The colorful journal countered what filled its pages — it wasn’t a colorful time in my life. For whatever reason, I stopped writing, and that somehow translated to not asking questions. I decided I needed to keep writing, this time online, and asking questions no matter what.
So I kept writing. In the winter of 2010, during my third year in college, with nothing but a suitcase of clothes, a travel companion and hope, I flew 7,500 miles to Kathmandu, Nepal, to work with a local non-governmental organization as part of my peace and conflicts studies major field work. Without fail, the electricity went out every day, but I made sure to keep writing in the notebook I packed.
When I chose journalism as an elective back in high school, I had no plan of making it my career. Writing came easily for me, so the class seemed like a fun, new challenge. But when I stepped in to the role of a reporter, even if it was just our high school newspaper, I felt like I finally found a home for my writing. I like the person journalism makes me. In order to be great at reporting, I need to be meticulous, personable and tenacious — all at the same time. That gave me confidence to face my own story.
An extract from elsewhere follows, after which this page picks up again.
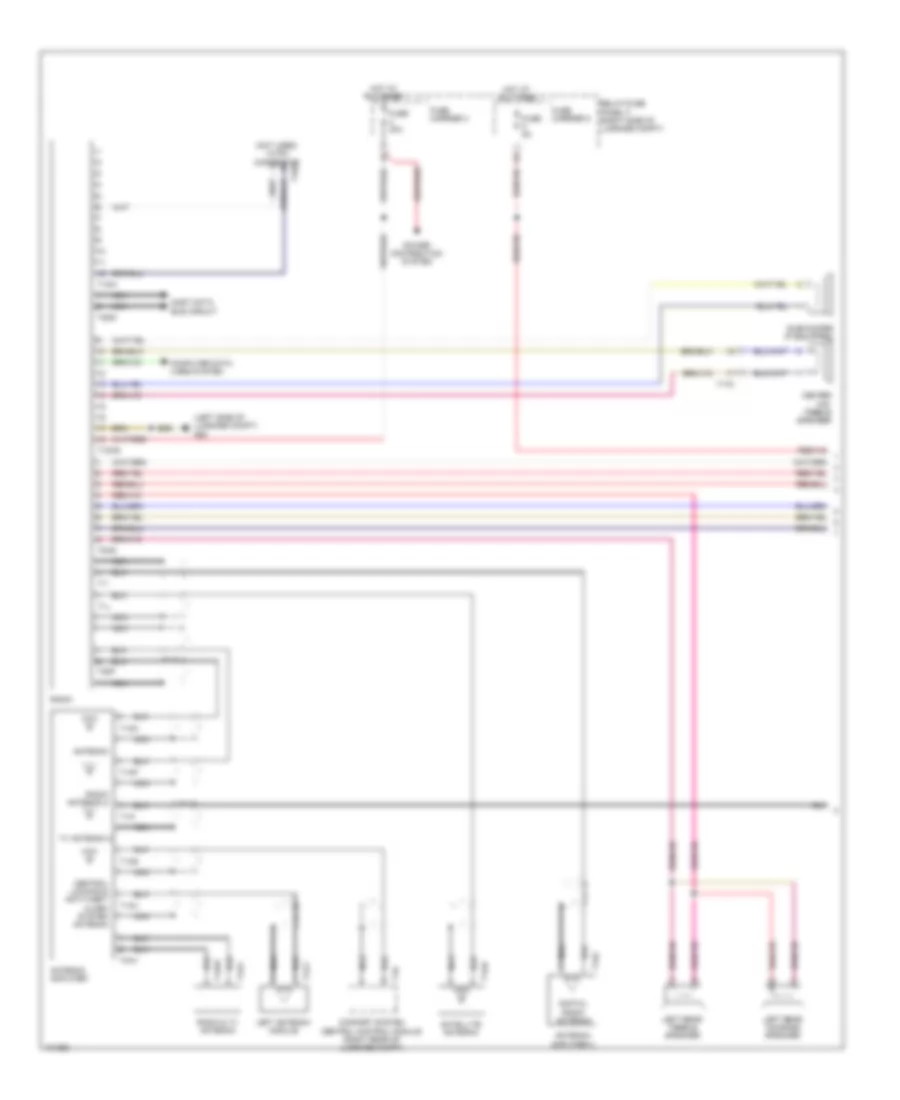 Navigation Wiring Diagram Convertible Standard MMI  Basic MMI 1 of 2 for Audi RS 5 Prestige 2013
Ever since I started, I can’t imagine doing anything other than journalism. As I learn more about myself as a person and as a reporter every day, I continue to ask more questions about myself. I thought about my curiosity, and what came to me was the fact that everyone should be asking questions about his or her own lives — you don’t have to be a journalist to do that.
I also learned I have to ask questions about the people who question me, because, otherwise, I run the risk of letting them decide who I am. I’ll never forget an English professor in my first year at Berkeley who questioned me. Asian-American literature wasn’t my taste, and an essay I did on the “Gangster of Love” didn’t please her.
“Are you sure you want to be a journalist?” she asked me.
“Hold it together,” I thought. As soon as I walked out, I called my best friend and cried. But I never doubted myself. And to this day, I still tell myself: “I’ll show her.”
So I showed her. About two years after graduating college, I applied to my top ten journalism graduate schools. The day I got the call from U.C. Berkeley’s Graduate School of Journalism became one of the most defining, happiest moments of my life. I finally got there. After that, I would receive nine more calls — each one inducing a bigger heart attack — all ten schools had accepted me with generous offers.
Fast forward a year and a half later, where I’m about to complete my master’s at Syracuse University’s S.I. Newhouse School of Public Communications and a yearlong fellowship at the Post-Standard in Syracuse, New York.
Looking back, I’ve gone from keeping questions and words to myself — simply because locking them up seemed easier — to the question-everything, assume-nothing kind of journalist I am now. It gets easier every day.
On September 3, the Post-Standard’s print edition published my first front-page story. I saw the paper on newsstands, stores and online all around the city. I went into the journalism business so that I would have the power to ask tough questions. But more than anything, this journey has trained me to listen.
Encountering people and stories that challenge what I know and believe in has been my greatest teacher. Over coffee one afternoon, my professor and I exchanged stories about our families. When I told her about my less-than-ideal relationship with my mother, she told me, “Doesn’t mean there isn’t love.”
The biggest question I’ve been trying to answer in my own life dawned on me. Maybe I don’t get to question or judge the love afforded to me, and maybe each of us expresses some form of love in unique ways. Answers always wait for us to find the right time and inquiry. I plan to keep asking questions and listening harder for the answers. They can come anytime if I pay attention.